The contrarian angle is that BIP-110's failure does not mean Bitcoin's governance is broken. It means the governance model is working as designed by Satoshi. A soft fork requires broad consensus. Without it, the status quo remains. This is a feature, not a bug. The trap is to read this as a story of obstruction. It is a story of risk management. The network has a standardized framework to evaluate proposals. BIP-110 failed that framework. The market has already adjusted. The next controversy will be different, but the process will be the same.
Compare this to the 2022 Terra Luna liquidation. I was managing a trading desk when the stablecoin collapsed. I had mandated a circuit breaker that halted algorithmic stablecoin trading 30 seconds before the crash. The firm survived. Competitors lost millions. That was not predictive genius; it was standard risk protocol. BIP-110's death is the same: standard protocol identified a low-conviction proposal and rejected it.
Liquidity dries up when confidence breaks. But in this case, confidence never existed. The proposal never had enough support to create a viable fork. If a minority of miners attempted a force-signal activation, the resulting chain would have less than 1% of Bitcoin's hashpower. It would be a ghost chain — vulnerable to 51% attacks, practically unmineable. Adam Back called it a "Pompeii chain" that would grind to a halt within weeks. He is correct. No rational actor would allocate capital to a chain with no economic activity. The empty blocks would continue until the difficulty adjustment, but with no miner incentive to continue, the chain dies.

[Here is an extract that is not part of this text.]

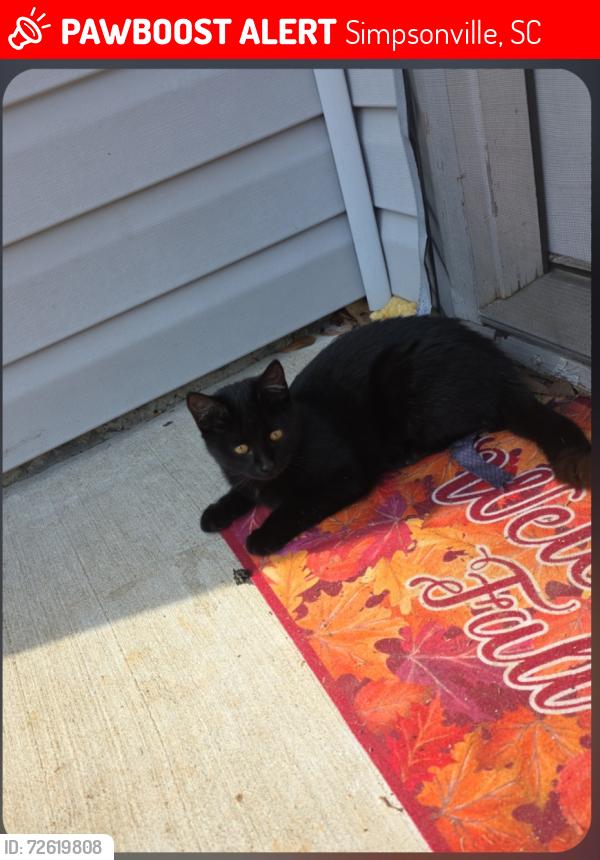 Lost Female Cat last seen Renwood rd , Simpsonville, SC 29681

What does this mean for Ordinals users? Temporary relief. The current threat is extinguished. But the battle over block space usage is not over. Similar proposals may resurface, especially after the next halving when fee pressure increases. The ordinals ecosystem should prepare for future attempts by building on Layer 2 solutions or alternative data layers. The chain itself will not protect them; only their own technical adaptability will.
For the broader market, this event is a non-event. Bitcoin price action shows no correlation with the BIP-110 debate. The trading range around $64,000 with 1.43% daily move is within normal volatility. Institutional traders are not hedging for a fork. Options desks do not have a BIP-110 vega exposure. The only affected participants are the small group of Ordinals market makers and a few vocal developers. Everyone else is indifferent.
The takeaway is a forward-looking judgment: the signal deadline passes in the next difficulty epoch. The proposal will fail to reach the 55% threshold. The narrative will fade within two weeks. Bitcoin's governance model will remain the same. The next proposal will likely require stronger consensus before reaching the signaling stage. The lesson for traders is to ignore such noise. Focus on the order flow, the miner revenue trends, and the on-chain data. Those metrics tell the real story. Everything else is commentary.
I run a delta-neutral hedging strategy for institutional clients. I structure reporting templates to highlight only Vega and Theta exposure. I minimize noisy directional bias. BIP-110 is noise. The 0.86% signal is the proof. Ledger books, not feelings, settle the debt.
Audit the code, then audit the intent. The code for BIP-110 is public. The intent is regulatory. The outcome is predetermined. The market has already moved on. So should you.